SID-NISM: A Self-supervised Low-light Image Enhancement Framework
This work addresses the problem of low visibility in low-light images, which degrades visual aesthetics and the performance of computer vision algorithms, offering an incremental improvement for image processing practitioners.
This paper proposes SID-NISM, a self-supervised framework for enhancing low-light images. It decomposes images into reflectance, illumination, and noise, then enhances the illumination map, resulting in more natural images with fewer artifacts on public datasets.

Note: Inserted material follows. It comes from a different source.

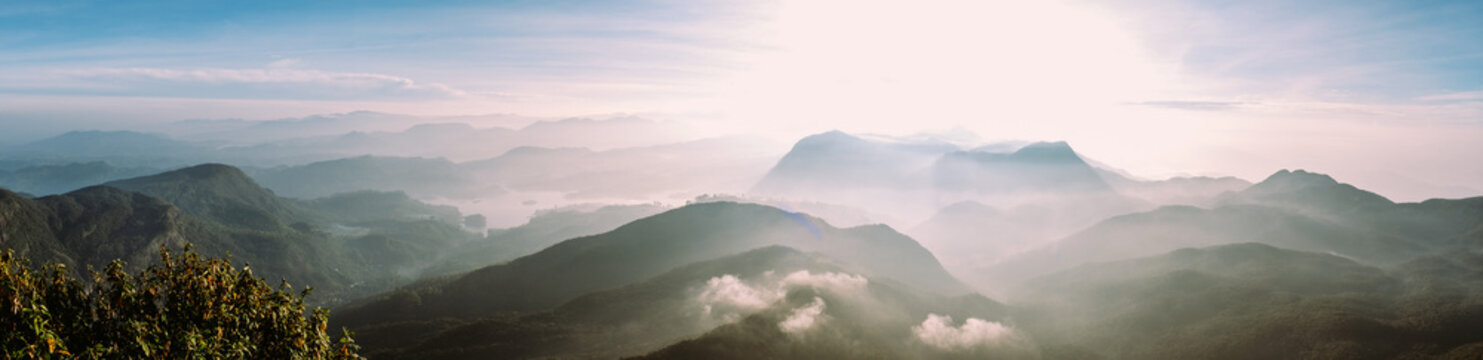 Beautiful panoramic view from Adam's Peak (Sri Pada)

When capturing images in low-light conditions, the images often suffer from low visibility, which not only degrades the visual aesthetics of images, but also significantly degenerates the performance of many computer vision algorithms. In this paper, we propose a self-supervised low-light image enhancement framework (SID-NISM), which consists of two components, a Self-supervised Image Decomposition Network (SID-Net) and a Nonlinear Illumination Saturation Mapping function (NISM). As a self-supervised network, SID-Net could decompose the given low-light image into its reflectance, illumination and noise directly without any prior training or reference image, which distinguishes it from existing supervised-learning methods greatly. Then, the decomposed illumination map will be enhanced by NISM. Having the restored illumination map, the enhancement can be achieved accordingly. Experiments on several public challenging low-light image datasets reveal that the images enhanced by SID-NISM are more natural and have less unexpected artifacts.